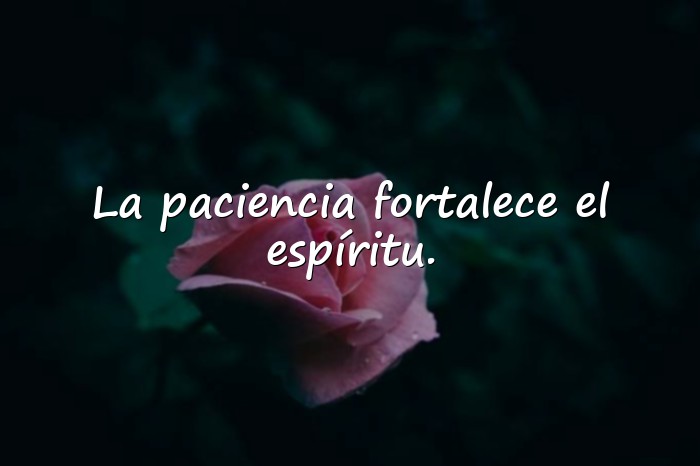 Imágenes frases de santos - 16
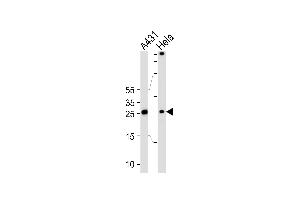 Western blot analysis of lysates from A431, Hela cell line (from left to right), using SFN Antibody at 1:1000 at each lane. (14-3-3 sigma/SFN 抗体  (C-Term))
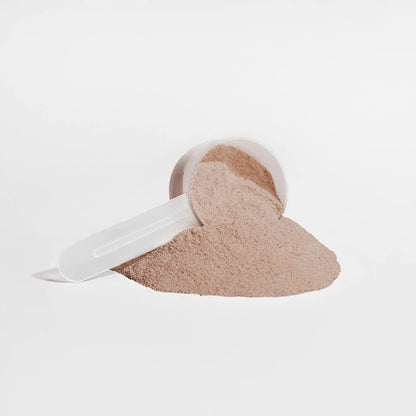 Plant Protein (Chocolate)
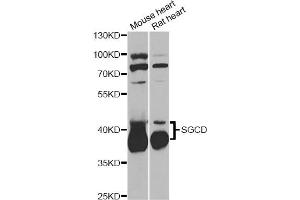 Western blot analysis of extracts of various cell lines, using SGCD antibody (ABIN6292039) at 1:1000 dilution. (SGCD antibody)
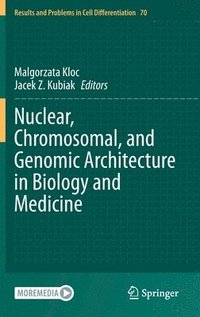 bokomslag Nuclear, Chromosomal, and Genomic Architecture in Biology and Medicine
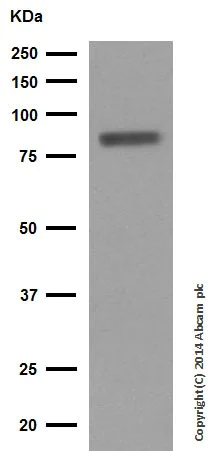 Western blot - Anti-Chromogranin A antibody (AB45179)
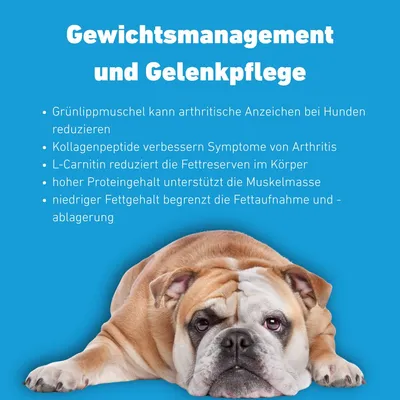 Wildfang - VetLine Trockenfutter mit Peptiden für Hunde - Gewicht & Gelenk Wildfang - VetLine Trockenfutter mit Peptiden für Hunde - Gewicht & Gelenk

-- -- --

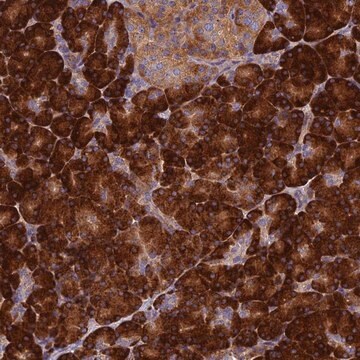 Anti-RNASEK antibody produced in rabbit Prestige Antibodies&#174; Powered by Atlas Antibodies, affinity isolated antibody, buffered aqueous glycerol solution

-- -- --

> [Activity]: With the pictures left out, write out exactly the lines above from the one containing "Imágenes frases de santos - 16" through the one containing "Gewicht & Gelenk Wildfang".

> [Written answer]:
 Imágenes frases de santos - 16
 Western blot analysis of lysates from A431, Hela cell line (from left to right), using SFN Antibody at 1:1000 at each lane. (14-3-3 sigma/SFN 抗体  (C-Term))
 Plant Protein (Chocolate)
 Western blot analysis of extracts of various cell lines, using SGCD antibody (ABIN6292039) at 1:1000 dilution. (SGCD antibody)
 bokomslag Nuclear, Chromosomal, and Genomic Architecture in Biology and Medicine
 Western blot - Anti-Chromogranin A antibody (AB45179)
 Wildfang - VetLine Trockenfutter mit Peptiden für Hunde - Gewicht & Gelenk Wildfang - VetLine Trockenfutter mit Peptiden für Hunde - Gewicht & Gelenk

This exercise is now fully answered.